Give back exactly the lines of the material below, starting with the line with "Strzelnica- Pakiet Rambo" and going on through the line with "Used 2021 Chevrolet".

» Information:
====
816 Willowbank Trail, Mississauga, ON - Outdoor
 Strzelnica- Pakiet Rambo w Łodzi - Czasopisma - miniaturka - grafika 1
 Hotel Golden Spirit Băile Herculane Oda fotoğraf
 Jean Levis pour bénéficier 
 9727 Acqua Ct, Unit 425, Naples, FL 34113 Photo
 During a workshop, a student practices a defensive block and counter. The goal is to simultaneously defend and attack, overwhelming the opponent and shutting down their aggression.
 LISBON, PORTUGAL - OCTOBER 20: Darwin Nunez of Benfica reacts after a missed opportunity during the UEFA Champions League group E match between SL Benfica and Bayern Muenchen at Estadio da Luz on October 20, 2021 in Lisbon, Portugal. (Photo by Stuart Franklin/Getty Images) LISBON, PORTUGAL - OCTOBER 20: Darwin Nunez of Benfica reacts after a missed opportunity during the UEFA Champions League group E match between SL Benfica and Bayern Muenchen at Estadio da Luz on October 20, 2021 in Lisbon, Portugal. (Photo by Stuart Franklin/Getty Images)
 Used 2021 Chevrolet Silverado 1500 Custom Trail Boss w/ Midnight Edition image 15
====
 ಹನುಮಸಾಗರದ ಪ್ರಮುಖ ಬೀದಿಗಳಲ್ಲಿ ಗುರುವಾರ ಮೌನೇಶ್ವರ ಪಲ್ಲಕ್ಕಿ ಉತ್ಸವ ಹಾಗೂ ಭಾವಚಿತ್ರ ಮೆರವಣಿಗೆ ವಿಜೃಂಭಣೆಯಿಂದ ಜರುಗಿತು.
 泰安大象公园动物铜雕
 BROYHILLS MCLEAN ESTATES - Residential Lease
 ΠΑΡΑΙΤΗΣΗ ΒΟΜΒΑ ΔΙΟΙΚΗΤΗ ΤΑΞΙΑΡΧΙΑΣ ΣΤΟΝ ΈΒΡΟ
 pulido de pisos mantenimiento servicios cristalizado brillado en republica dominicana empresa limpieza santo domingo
====
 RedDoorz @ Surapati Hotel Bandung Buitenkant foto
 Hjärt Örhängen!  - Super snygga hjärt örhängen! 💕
====
» Answer space:
 Strzelnica- Pakiet Rambo w Łodzi - Czasopisma - miniaturka - grafika 1
 Hotel Golden Spirit Băile Herculane Oda fotoğraf
 Jean Levis pour bénéficier 
 9727 Acqua Ct, Unit 425, Naples, FL 34113 Photo
 During a workshop, a student practices a defensive block and counter. The goal is to simultaneously defend and attack, overwhelming the opponent and shutting down their aggression.
 LISBON, PORTUGAL - OCTOBER 20: Darwin Nunez of Benfica reacts after a missed opportunity during the UEFA Champions League group E match between SL Benfica and Bayern Muenchen at Estadio da Luz on October 20, 2021 in Lisbon, Portugal. (Photo by Stuart Franklin/Getty Images) LISBON, PORTUGAL - OCTOBER 20: Darwin Nunez of Benfica reacts after a missed opportunity during the UEFA Champions League group E match between SL Benfica and Bayern Muenchen at Estadio da Luz on October 20, 2021 in Lisbon, Portugal. (Photo by Stuart Franklin/Getty Images)
 Used 2021 Chevrolet Silverado 1500 Custom Trail Boss w/ Midnight Edition image 15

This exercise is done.